“I have waited, I have tried to be patient; don't give me your answer now! If it is no, it will leave me nothing! I have lived and struggled for this day; that I might tell you that I love you! You may not be ready to hear it—I did not intend to speak; nothing could have been further from my purpose ten minutes ago; but I have spoken, and you know that I love you. This love seems to go back to the very beginnings of my life—I don't want to think of a time when I did not love you; it seems impossible to even imagine such a time, as impossible as to imagine a future when I shall have ceased to love you! You may not value my love, but it is as much yours as any other possession you have in the world!”
Her resentment toward him was slowly taking a definite shape in her mind, she was seeing the fullest reason for it. She had counted him her friend, generously disinterested and wholly self-forgetful; she felt he had advanced under the cloak of friendship for Stephen, until he dared to speak of love to her. To her! To the widow of the man for whom he had professed such devotion! Yet she parted from her ideal of him with a sense of bitter personal loss, as from a living presence on which she had come wholly to rely. If she could not trust him, whom could she trust! He dwindled in all the generous goodness with which she had unconsciously invested him, to contemptible littleness and petty self-seeking.

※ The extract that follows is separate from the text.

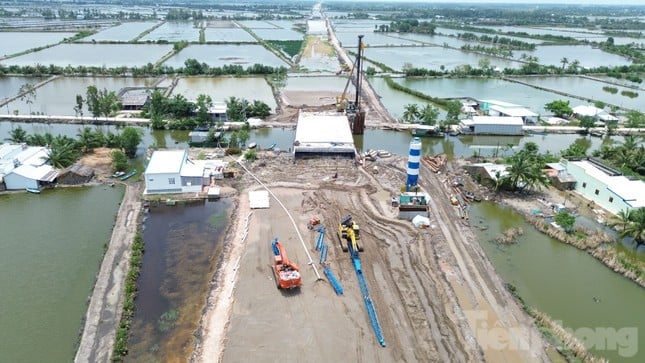 Primer plano del proceso de lavado de arena marina salada para la construcción de la autopista Can Tho - Ca Mau, foto 6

His patient kindness, his innumerable sacrifices of time and convenience had been but the stepping stones toward this moment, when he dared to tell her that he loved her! Her anger flamed in her face; but when she spoke she still maintained the control which she had put upon herself from the start.
“I wish that you had allowed me to leave you before you said what you have. Of course it would have made no difference in the opinion I had formed of you, but I should not have been forced to speak of it.”
He would have said that in his fancy he had already lived through the possibilities of this moment; but he had never quite conceived it possible that she could treat him with such cold scorn. In his bitterness he could only ask himself how had he failed so utterly. At her words, however, and the tone in which she had spoken them, his selfrespect came to his rescue.
“You need not say anything that you may regret later on; that is quite unnecessary, for I think I know just how you feel toward me,” he said gently.
She knit-her brows in an angry frown, but his words impressed her, and her manner became more one of resentful kindness. After all she had no wish to hurt him; only he must understand the extent of his enormity, for in her jealous love for Stephen Landray it was nothing else.
“Have I ever said anything, has there ever been in my manner toward you, anything that could lead you to think I could so far forget myself as to wish to hear what you have just told me, from the lips of any living man?”
“No,” he said, “there has not been; yet—”
“If I have been at fault you must tell me. I will hear you without offence; then I can the sooner forgive you for the way in which you have misjudged me, I should almost be glad to think that in some way I had been to blame!”